The answer is simple: file swamping. If you donwload, say, the page from a learned teacher at MIT or Waterloo about "UML and Design Patterns", chances are that this page will also reference:
- other courses taught by the same professor which might not interest you (java programming, computer 101 etc)
- coleague's and budies pages, which might work in other areas (chemistry or psychiatry)
- personal pages (resume, photo galleries of last conventions, favorite songs)
- links to other universities with similar courses. And from there, the flood starts anew.
So some rules must be applied to constrain this flood of pages.
2.2 - Spidering Strategies Irrespective of the technique used to filter out downloaded pages, here are a couple of target pages: - we can forbid some pages that we know will seldom interest us. In our case,
all multi-media stuff is banned right from the start: no .AVI, .MOV, .WAV and the like. Note that since the advent of BDN (Borland community movies) this might change.

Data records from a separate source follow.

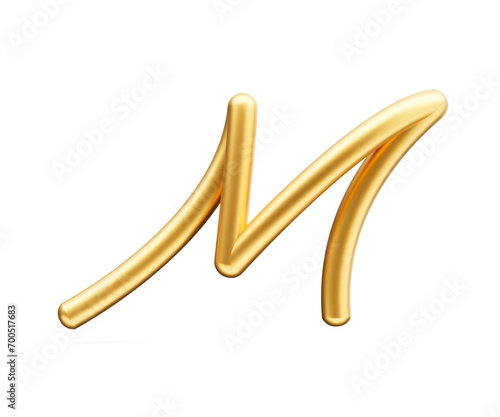 3d Golden Shiny Capital Letter M Alphabet M Rounded Inflatable Font White Background 3d Illustration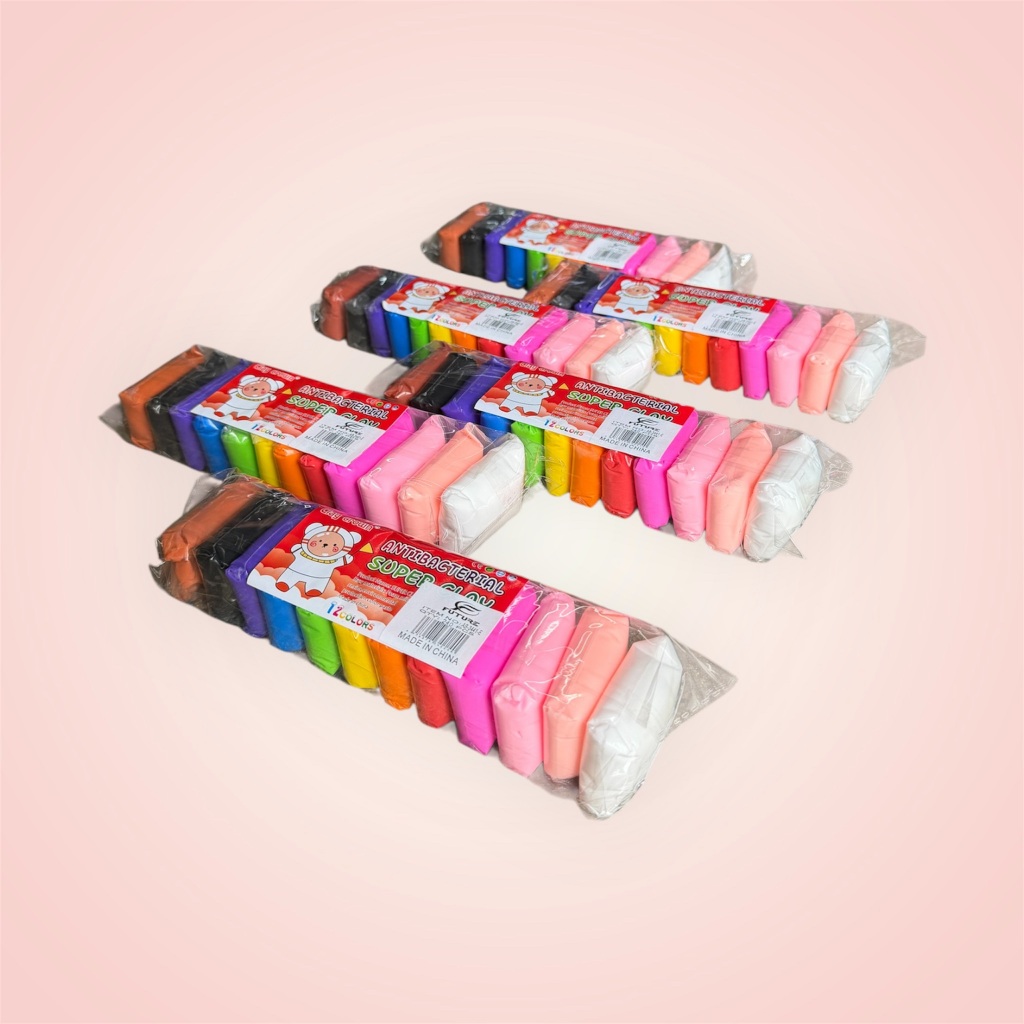 ของเล่น ดินเบา มาพร้อมกับอุปกรณ์ปั้น3ชิ้น 1เเพ็ค มี12สี ความยาว 22 CM [ราคา 160บาท ได้ 12เเพ็ค]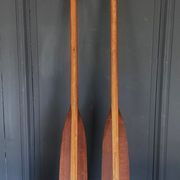 Pair of oars canoe boat XXe two species of wood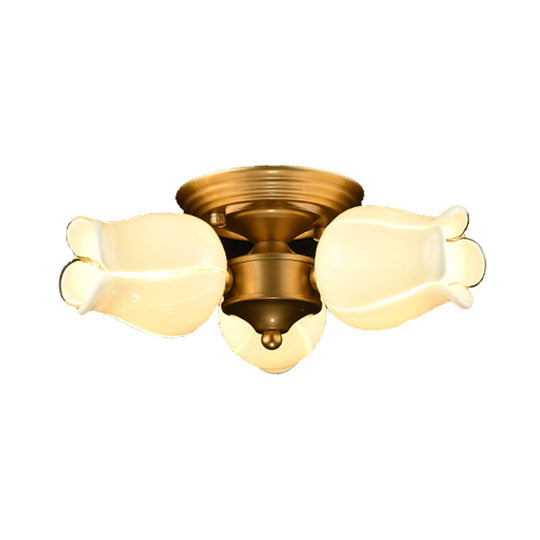 Romantic Pastoral Brass Ceiling Light Fixture with 3 Lily/Tulip Heads and LED Semi Mount for Living Room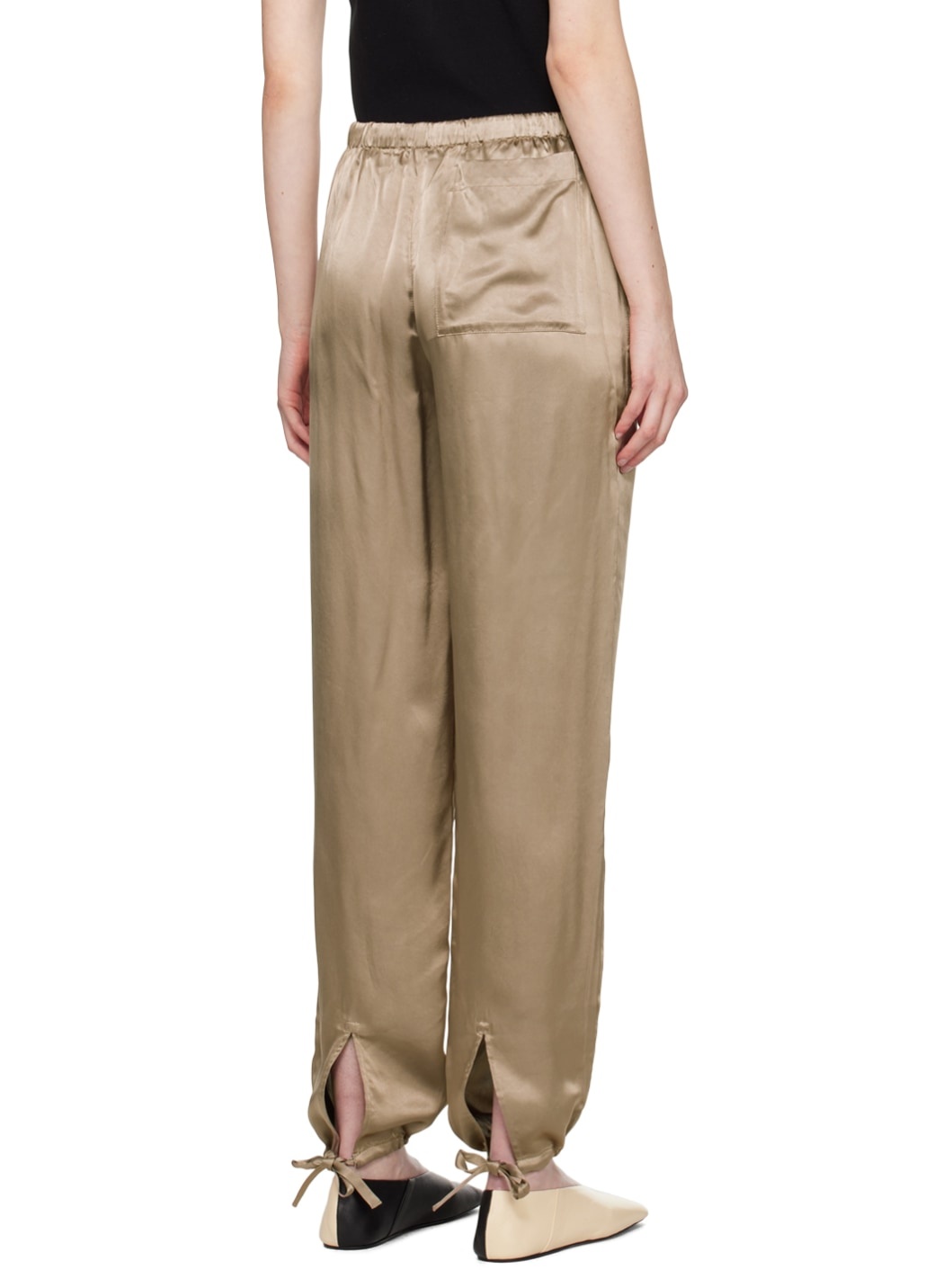 Beige Drawstring Reversible Trousers - 3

- the second most effective technique was to limit the pages to the request's local path. If we request Bertrand MEYER's page:
http://www.inf.ethz.ch/personal/meyer/ | we are usually also interested to load the sub directories referenced in this page:
http://www.inf.ethz.ch/personal/meyer/events/2001/ubs.html http://www.inf.ethz.ch/personal/meyer/events/talks.html
http://www.inf.ethz.ch/personal/meyer/images/sounds/pronunciation.html http://www.inf.ethz.ch/personal/meyer/publications/ http://www.inf.ethz.ch/personal/meyer/publications/computer/dotnet.pdf
http://www.inf.ethz.ch/personal/meyer/publications/inaugural/inaugural.pdf http://www.inf.ethz.ch/personal/meyer/publications/joop/overloading.pdf http://www.inf.ethz.ch/personal/meyer/publications/online/bits/index.html |
but would be reluctant to download pages with a complete different domain: http://www.csse.monash.edu.au
http://se.inf.ethz.ch/jobs/ | Some references should interest us (page aliases or pages with quite similar content):
http://www.inf.ethz.ch/~meyer/ http://www.inf.ethz.ch/~meyer/events/ http://www.inf.ethz.ch/~meyer/ongoing/
http://www.inf.ethz.ch/~meyer/ongoing/covariance/recast.pdf http://www.inf.ethz.ch/~meyer/ongoing/etl/ http://www.inf.ethz.ch/~meyer/ongoing/etl/agent.pdf http://www.inf.ethz.ch/~meyer/ongoing/references/
http://www.inf.ethz.ch/~meyer/publications/ http://www.inf.ethz.ch/~meyer/publications/events/events.pdf http://www.inf.ethz.ch/~meyer/publications/extraction/extraction.pdf http://www.inf.ethz.ch/~meyer/publications/ieee/trusted-icse.pdf
http://www.inf.ethz.ch/~meyer/publications/proofs/references-proofs.pdf http://www.inf.ethz.ch/~meyer/publications/reviews/csharp-review.html | and some could interest us (his books, I guess):
http://www.inf.ethz.ch/ http://vig.pearsoned.com/store/product/1,3498,store-562_isbn-0130622966,00.html
http://www.amazon.com/exec/obidos/ASIN/0130331155/qid=1003330798/sr=8-1/ref=sr_8_7_1/104-4 | Based on this example, we see that: - pages in sub directories are very often of interest
- pages in parent directories are of increasing generality, and the risk of overflooding increases
- pages in other domain cannot easily be automatically selected, even if they have a close relation to the requested domain
- some site offer links to files available for download. We frequently encountered this for "reading lists" of some university courses. Some teachers place those files in a local (sometimes private) directory, but
some other simply list the URL where a copy of the file is available. So, in this case, the strategy should be "download all the non-html files listed in this page". Access to those domains should be allowed, but parsing of the
corresponding parent page and pathes refused.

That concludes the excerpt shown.